To view the full pdf version of this studentship opportunity please follow this link: http://www.bristol.ac.uk/media-library/sites/chemistry/documents/NAAFS%20-%20Quantifying%20temperature%20change%20in%20the%20sub-Antarctic.pdf
By studying climate in the past, scientists can understand the natural processes and mechanisms that operate in Earth’s system. This is needed to accurately predict human impact on future climate. Although the terrestrial realm (where we humans live) is a crucial part of Earth’s system, key-dynamics such as past terrestrial temperatures are poorly constrained in some globally-important regions, such as the mid/high-latitude Southern Hemisphere. This project will address this major gap by quantifying terrestrial temperature around the Southern Ocean across a key-climate transition of Earth’s past: the last deglaciation and Holocene (last 20,000 years) You will use state-of-the-art biomarker methods developed by the supervising team to answerlong-standing and exciting questions regarding how terrestrial temperatures varied in the past and identify the processes that drove these changes. Ultimately, the results from this research will allow for a better assessment of how the terrestrial realm may respond to future climate change.
Project Aims and Methods
The main research question you will address is: How did terrestrial temperatures in the environmentally sensitive mid/high-latitude Southern Hemisphere evolve during the last 20,000 years? For this purpose, you will apply biomarker proxies to continuous peat records from the mid/latitude Southern Hemisphere that reach into the deglaciation. More specifically, you will learn how to use, and further develop the brGDGT-paleothermometer, for which peat-specific calibrations were recently developed by the project supervisor (Naafs et al., 2017). This proxy is based on more than 15 years of research that shows that the distribution of brGDGTs (membrane lipids produced by bacteria) depends on temperature. The biomarker records you will generate will be combined with other proxy evidence (e.g. pollen, stable isotopes, etc), generated by the research groups of the cosupervisors, to obtain a holistic understanding of terrestrial temperature change in the Southern Hemisphere during the last deglaciation.

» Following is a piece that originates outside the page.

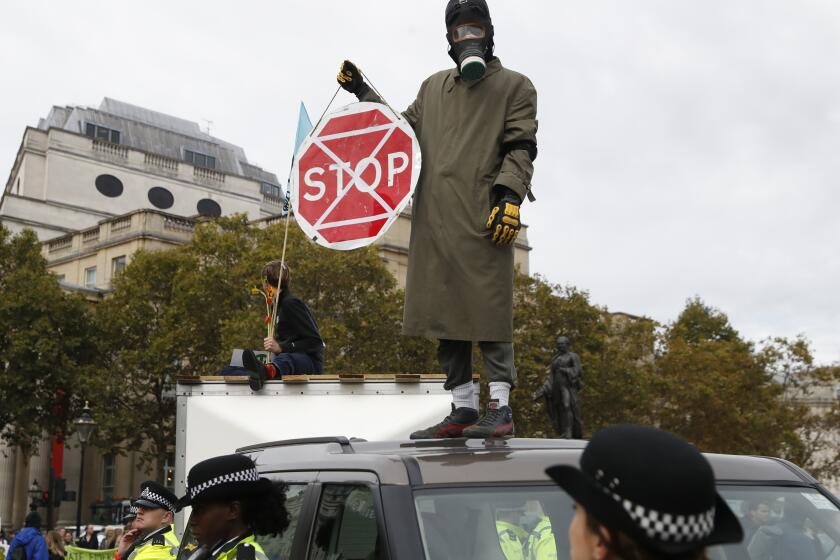 A man wearing a gas mask stand on top of a car as other demonstrators block Trafalgar Square in central London Monday, Oct. 7, 2019. Extinction Rebellion movement blocked major roads in London, Berlin and Amsterdam on Monday at the beginning of what was billed as a wide-ranging series of protests demanding new climate policies. (AP Photo/Alastair Grant)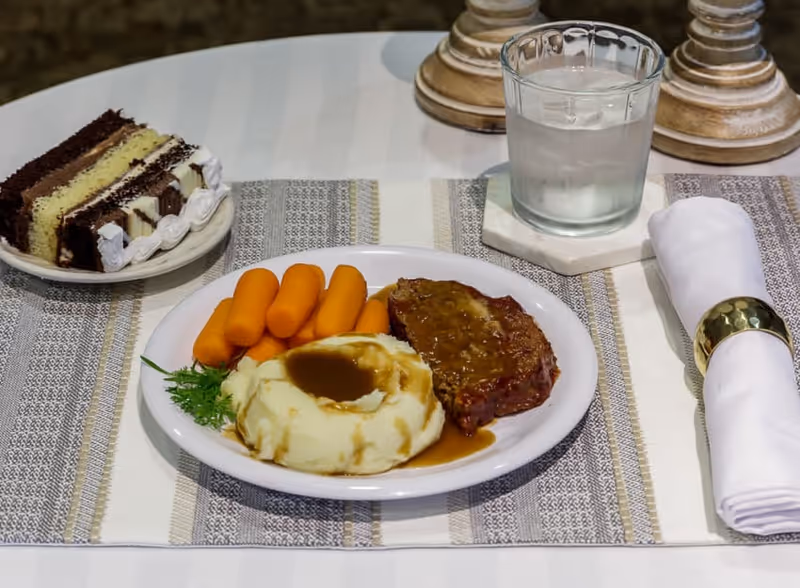 A meal on a white plate consisting of mashed potatoes with brown gravy, cooked carrots, and a piece of meatloaf with gravy. Next to the plate is a glass of water on a coaster and a white cloth napkin with a gold napkin ring. A slice of layered chocolate and vanilla cake with white frosting is on a small plate nearby. The table is covered with a striped placemat.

There are many opportunities for you to develop specific aspects of the project based on your own interests and strength. This could include, for example, the possibility of fieldwork to the sub Antarctic region to sample new peatland environments, investigating seasonal and temperature driven changes in brGDGT distribution and abundance, and/or laboratory-based temperature incubation experiments. You will be based within the Organic Geochemistry Unit, University of Bristol, one of the oldest and most successful organic geochemistry groups in the world with decades of experience in paleoclimate research. In addition, you will benefit from existing collaborations between Bristol and Exeter and the British Antarctic Survey (BAS) to learn additional techniques/methods and develop a broad understanding of paleoclimate, the Antarctic, and peat research.
The ideal candidate has a background in earth science, geography, and/or (geo)chemistry at MESci/MSc level, with a broad interest in paleoclimate research. (Geo)chemistry experience is not obligatory.
CASE or Collaborative Partner
BAS has world-leading facilities for peat research that are available to the student to sample peat coresfor geochemical samples. The student has full access to a diverse range of training opportunities through BAS, which has a partnership student training programme for transferable skills with the University of Cambridge. The CASS application will support non-critical elements of this project and significantly broaden the students training opportunities with fieldwork in the (sub)Antarctic.
As part of this project you will be fully trained in: relevant organic geochemical techniques and concepts, Antarctic (paleo)climate, and peat research, and will learn to work with large datasets. There is the option to go on fieldwork to the sub Antarctic to retrieve new material, providing additional training in fieldwork, sampling, and develop key-leadership skills. In addition, you will receive a broad training on (academic) writing, project presentations, time management, and other transferable skills.
Naafs, B. D. A. et al. Geochim. Cosmochim. Acta 208, 285-301, (2017).
McGlone, M. S. et al. Nat. Geosci. 3, 622-626, (2010).
Zheng, Y. et al. Geology 45, 1031-1034, (2017).